Münih’te devlet ve hükümet yetkililerinin de katılımıyla düzenlenen güvenlik konferansının raporunda ‘10 küresel güvenlik riski’ sıralandı. ‘Türkiye’deki referandumun ardından ülkedeki olağanüstü durumun resmileşmesi’ de risklerden biri.
Münih Güvenlik Konferansı’nın ‘Güvenlik Raporu’nda, Türkiye’de 16 Nisan’da yapılacak anayasa referandumu “2017’deki 10 güvenlik tehdidinden biri” olarak gösterildi.

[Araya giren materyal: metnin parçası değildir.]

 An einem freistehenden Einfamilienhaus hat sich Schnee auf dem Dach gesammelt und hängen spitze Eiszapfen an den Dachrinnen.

Konferansı yerinde izleyen Hürriyet yazarı Murat Yetkin bugünkü yazısında raporda 2017 yılındaki küresel tehditlerin 10 madde halinde sıralandığını belirtti. Yetkin’in aktardığına göre Türkiye’de başkanlık sistemine geçişi öngören anayasa değişikliği teklifi de bu ‘küresel tehditler’ arasında yer alıyor. Bu anayasa değişikliği teklifi için 16 Nisan’da yapılacak referandum, raporun küresel tehditler bölümünün sekizinci sırasında yer alıyor.

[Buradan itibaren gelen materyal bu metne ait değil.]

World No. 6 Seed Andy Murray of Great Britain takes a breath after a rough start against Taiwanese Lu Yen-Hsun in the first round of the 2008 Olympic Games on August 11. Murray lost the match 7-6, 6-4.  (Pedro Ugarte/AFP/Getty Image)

Murat Yetkin yazısına şöyle başlıyor:
“Münih Güvenlik Konferansı Donald Trump’ın ABD Başkanı seçilmesi ardından yeniden kurulmakta olan uluslararası dengeleri tartışırken 2017’deki küresel güvenlik risklerini de tartışıyor.
Bu çerçevede Konferans raporunda Avrasya Grubu tarafından hazırlanan “İlk 10” listesine de yer verilmiş.
Avrasya Grubu, New York merkezli, risk analizleri yapan bir vakıf şirketi. Münih Konferansı düzenleyicileri grubun analizini aynen alıp Konferans raporunda yer vermişler.
O liste bizi çok ilgilendiriyor.”
Ardından bu listede yer alan güvenlik risklerini sıralayan Yetkin, 8. Sırada Türkiye’nin olduğuna dikkat çekiyor:
“Cumhurbaşkanı Recep Tayyip Erdoğan’ın olağanüstü hal üzerinden günlük işler üzerindeki etkisini artırıp bunu da referandum üzerinden ‘resmileştireceğine’ listede 8’inci sırada yer verilmiş. Bu durumun ülkenin ekonomik sorunlarının yanı sıra, komşuları ve Avrupa ile ilişkilerdeki gerilimleri artırabileceği iddia ediliyor.”